Teenage Winter’s coming down
Teenage Winter floats a gown
over every place I’ve been
and every little dream
forever.

That “forever” leaves her mouth legato and disembodied, just hanging there, enduringly resounding through the song’s lush, guitar, organ and woodwinds arrangement. “Teenage Winter” hits awfully close to home for the band members (both pushing-forty, Bob and Pete are avowed music geeks) and probably for many of their fans as well. It’s ineffably sad, but not necessarily depressing—it sparkles and glitters like gently falling snow, not rallying at the world in self-pity or nostalgia, but with the kindness, wisdom and acceptance that only comes with age.

It seems inconceivable that anything could ever top “Teenage Winter”, but the album’s final track comes perilously close. “Goodnight” strips away all instrumentation, leaving us with just Sarah, Tony, and Anthony.
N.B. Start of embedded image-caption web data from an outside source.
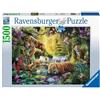 Ravensburger Idylle am Wasserloch: 1500 Teile
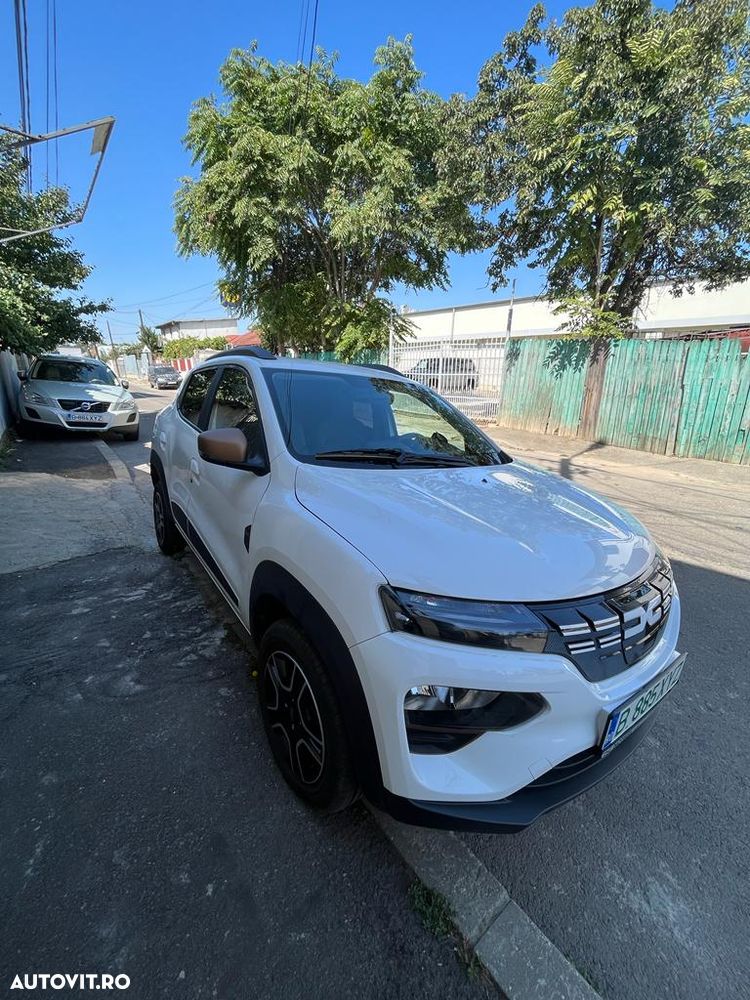 Dacia Spring Extreme - 11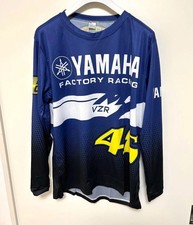 Unused L MotoGP RACING YAMAHA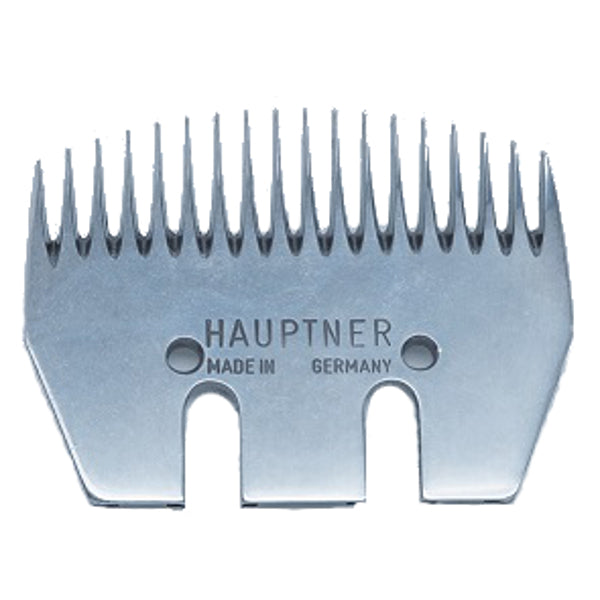 Hauptner-Untermesser 18 Zähne, Schnittbreite 76 mm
At this point in the album’s sequence, hearing only these three voices and the extraordinary, haunting sound they create together is almost too much emotionally to bear. “Goodnight” is a pure, simple lullaby that brings TFTH full circle from “Sun in My Morning.” In it, Sarah pleads, “Please sing me to sleep and stroke my hair / I’ll close my eyes and pretend that you’re there.” This little couplet speaks volumes as to what TFTH’s all about: while you can always find little specks of brilliance in ordinary things, transcendence often comes in dreams, in imagining possibilities, in processing pain and using the experience gleaned to help yourself face future endeavors. These threads run deep through the bulk of Saint Etienne’s oeuvre, but here they’re so skillfully executed and eloquently expressed that they’re hard to miss or misunderstand—and also impossible to shake.